Extra people

By Alan Bodnar Ph.D.
May 1st, 2015

Flannery O’Connor has a powerful short story entitled, “The Displaced Person,” where she describes the impact of the arrival of a refugee family on a small Southern farm. The story is set in the period following World War II when masses of people left Central and Eastern Europe in the wake of Soviet occupation of their homelands.

In O’Connor’s story, a local priest arranges the placement of one of these families on a farm owned by a widow and worked by black and white farmhands. The established laborers do not take kindly to the arrival of the foreigners with strange names and industrious work habits. The resulting conflict sets the story in motion toward the kind of dramatic climax for which O’Connor is well known. I have suggested this story for a reading group of psychology staff and students because of its relevance for our work as psychologists and for the lives we try to lead as decent human beings.

Who are the strangers among us and how do we treat them? Reading “The Displaced Person” reminded me of a boy in my first grade class. When I asked the adults around me about his strange sounding name, they said only that he was a DP, giving me the impression that he was of a class of people somehow inferior to the rest of us and not welcome in our town.

My one time classmate left the stage of my memory long ago, but I have never forgotten his name or the derision he provoked in good people who should have known better. This experience was my introduction to the kind of bigotry and clannishness that flared up whenever new immigrant groups settled in our small corner of the world.

There was nothing unique about that time and place. It could have happened in any town in any country of the world. Each succeeding wave of immigrants threatened the order established by earlier waves. DPs moved into the territory of naturalized Poles, Ukrainians, and Czechs. Puerto Ricans followed the DPs and, after them, came the Asians. Here in New England, where I have lived for nearly a half-century, it was the Irish and Italians who moved into the precincts of the Boston Brahmins and everywhere the newcomers were the extra people.

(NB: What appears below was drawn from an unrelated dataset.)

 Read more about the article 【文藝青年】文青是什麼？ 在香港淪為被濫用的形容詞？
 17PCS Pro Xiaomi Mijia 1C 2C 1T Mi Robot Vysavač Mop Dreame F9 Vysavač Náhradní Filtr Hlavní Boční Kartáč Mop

We are never at a loss for extra people. They are the ones whom we now describe as marginalized, a word that was not in use when O’Connor wrote “The Displaced Person” in the early 1950s. The extras are the racial and ethnic minorities among us, the mentally and physically challenged, psychiatric patients, prisoners, the poor, the old, anyone at all who differs from the perceived norm of the population.

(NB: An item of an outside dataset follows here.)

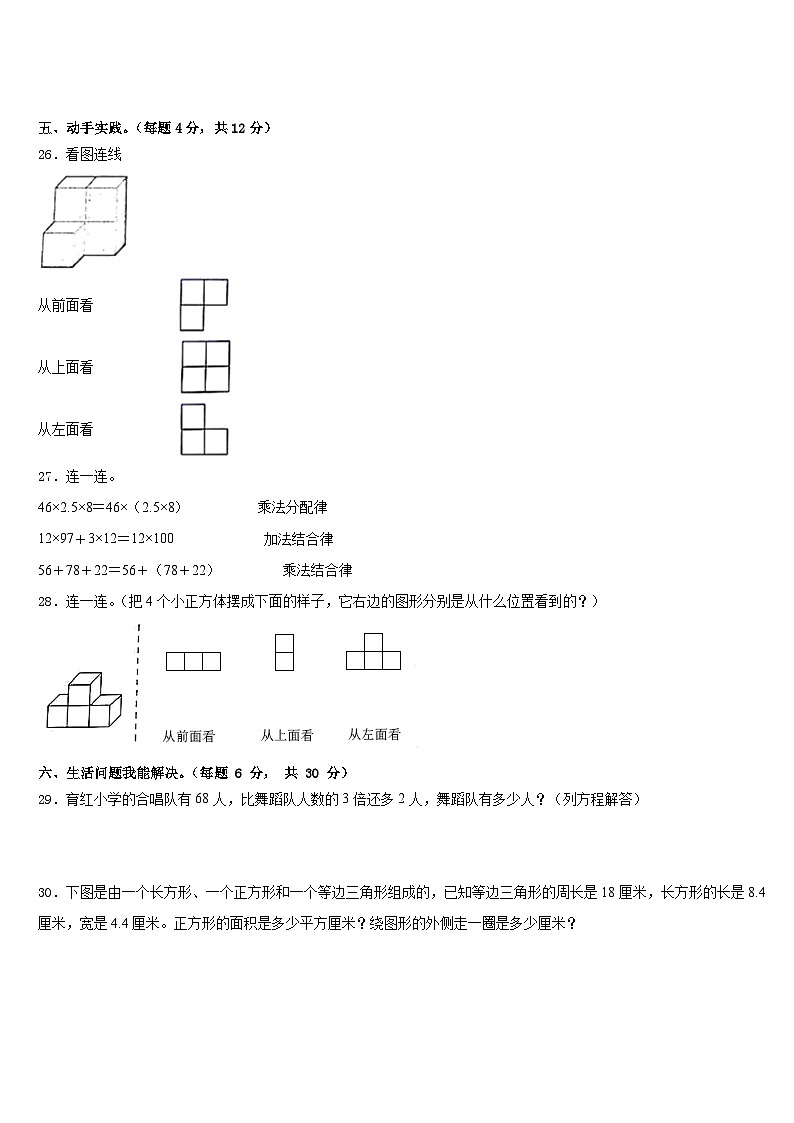 甘肃省陇南市康县2022-2023学年四年级数学第二学期期末教学质量检测试题含答案第3页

With a candor that leaves no doubt about the inclusion of the jobless in this category, the British describe losing one’s job as being made redundant. One day you are a vital part of the work force and the next, you are redundant, no longer needed, in a word, extra.

The easiest way to fall into the extra category in our society is simply to grow old, especially when aging robs us of the faculties that allow us to function independently. In the past several months, I have been spending a lot of time in assisted living facilities, memory care centers, rehab units and nursing homes. My wife and I made the rounds as we settled her mother into a new residence with a higher level of support following a broken leg in her ninety-ninth year accelerated her declining ability to care for herself. Nearly all of the places where my mother-in-law stayed to regain her strength were filled to capacity with people at widely different levels of cognitive and physical ability.

There was the man with Alzheimer’s disease who sat in his wheelchair the whole day long speaking gibberish. Whenever we visited, his son was there engaging him in a companionable interchange, using words and gestures that the old man seemed to understand at least on the most important level of knowing that someone cared.

A woman sat with her head bowed and summoned me with a flutter of her hand. In a barely audible voice, she said we had to get out of this place and asked if I could bring her to her room. Another woman, my mother-in-law’s roommate, was mentally sharp and sociable and, as she told us her life story, we were surprised to learn how much we had in common. She came from the same town as my wife, went to the same school 20 years earlier, and raised her family not far from where we raised ours. We discovered that we went to the same church and knew many of the same people. Later, in another facility, our introductions to the residents came with asides about what they had accomplished before dementia ushered them into the company of the displaced.

In Flannery O’Connor’s story, an old farmhand, Astor, asks the housemaid, Mrs. Shortley, about the newly arrived family. “They what is called Displaced Persons. . .It means they ain’t where they were born at and there’s nowhere for them to go. . .” Astor replies, “It seem like they here, though. . .If they here, they somewhere.” A young black farmhand at Astor’s side agrees, “Sho is
. . .They here.”

They’re here and so are we, each and every one of us so close to being extra that the word loses its meaning.

Alan Bodnar is a psychologist at the Worcester Recovery Center and Hospital.